In an editorial, Beirut's Daily Star accepts this logic, if somewhat less combatively, by noting that "whatever London and Washington decide to do about Iraqi President Saddam Hussein, their plans will count for naught if they forget about the issue at the core of the Arab-Israeli conflict: Palestine." The paper points out that Assad is the ideal spokesman for the Arab peace initiative presented in Beirut, "precisely because of his country's status as one of Israel's most implacable foes."
Several papers mention Ariel Sharon's decision to bar Yasser Arafat from attending Christmas mass in Bethlehem for a second year running. Despite everything, Arafat remains. That is, at least, the title of an op-ed by Danny Rubinstein in Israel's Ha'aretz. Rubinstein ridicules the notion that there is an alternative Palestinian leadership to Arafat—especially that darling of the West Mahmoud Abbas, who signed the Oslo accords. Abbas is in poor health and is "temperamental" and, most important, "In the eyes of the Palestinians, the entire world can do somersaults, but as long as Arafat is in office, there is to be no talk of his replacement."
Israeli recognition of Arafat's, and indeed the intifada's durability, is the topic of an article in Sunday's Al-Hayat by the paper's Jerusalem correspondent. She writes that some circles in the Israeli security establishment consider "political negotiations" with the Palestinian Islamist group Hamas, which just celebrated its 25th anniversary, "inevitable." Military and intelligence reports sent to the Knesset's security and foreign affairs committee and to Sharon's "security Cabinet" suggest there is a growing feeling that "the elimination of the Palestinian 'terrorist infrastructure,' especially the bomb and suicide attacks organized by Hamas and other Palestinian organizations, is 'an illusion.' "

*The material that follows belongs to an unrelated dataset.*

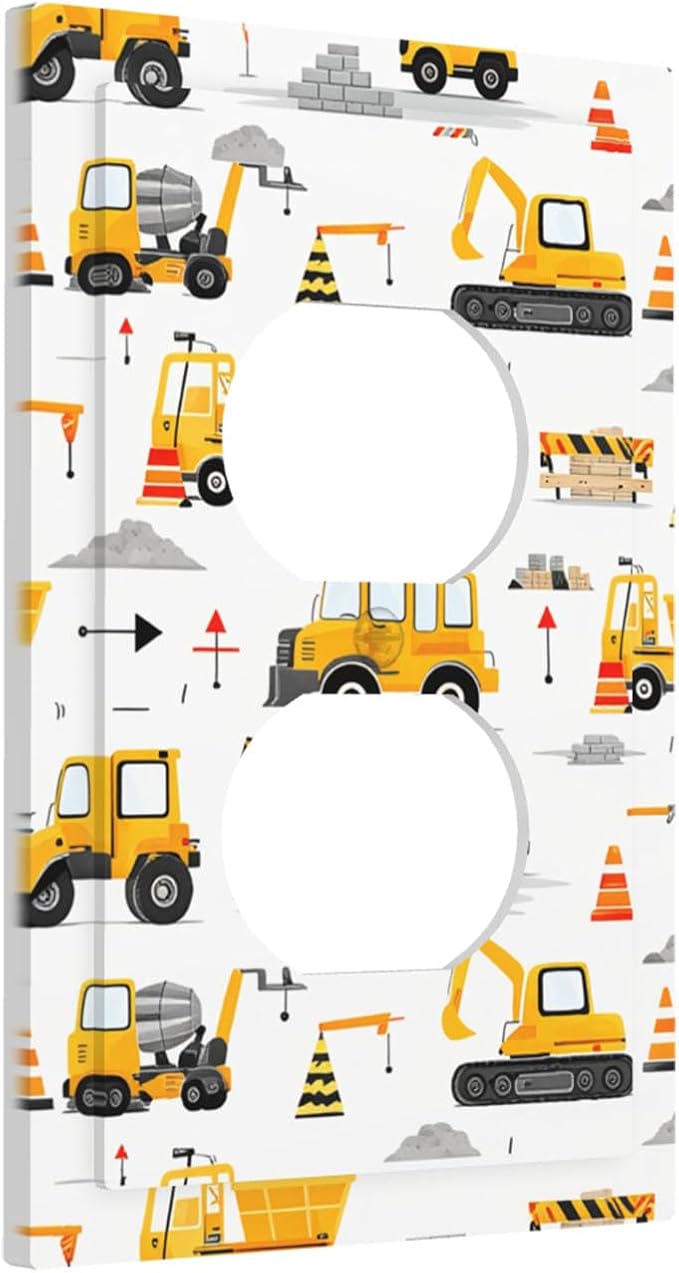 Construction Vehicles & Trucks Pattern Duplex Wall Plate - 1-Gang Standard US Size Little Builder's Dream Outlet Covers for Boy's Bedroom Decor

Negotiations between Israel and Hamas may not be as outlandish as they sound. Two weeks ago, Israel's chief of staff, Moshe Yaalon, told the Washington Institute for Near East Policy that Hamas had months ago accepted key concessions during secret talks with Palestinian officials, namely Abbas and the influential Muhammad Dahlan. These included "no longer demanding either an Israeli withdrawal to the 1967 borders as a precondition for a ceasefire [with Israel], or a withdrawal to the September 2000 lines." Hamas' only condition was that Israel stop killing its officials.
Yaalon blamed Arafat and Hamas' Damascus-based leadership for the collapse of the agreement. However, he also plainly implied that there were those in Hamas who could be flexible. Can Bashar Assad be too?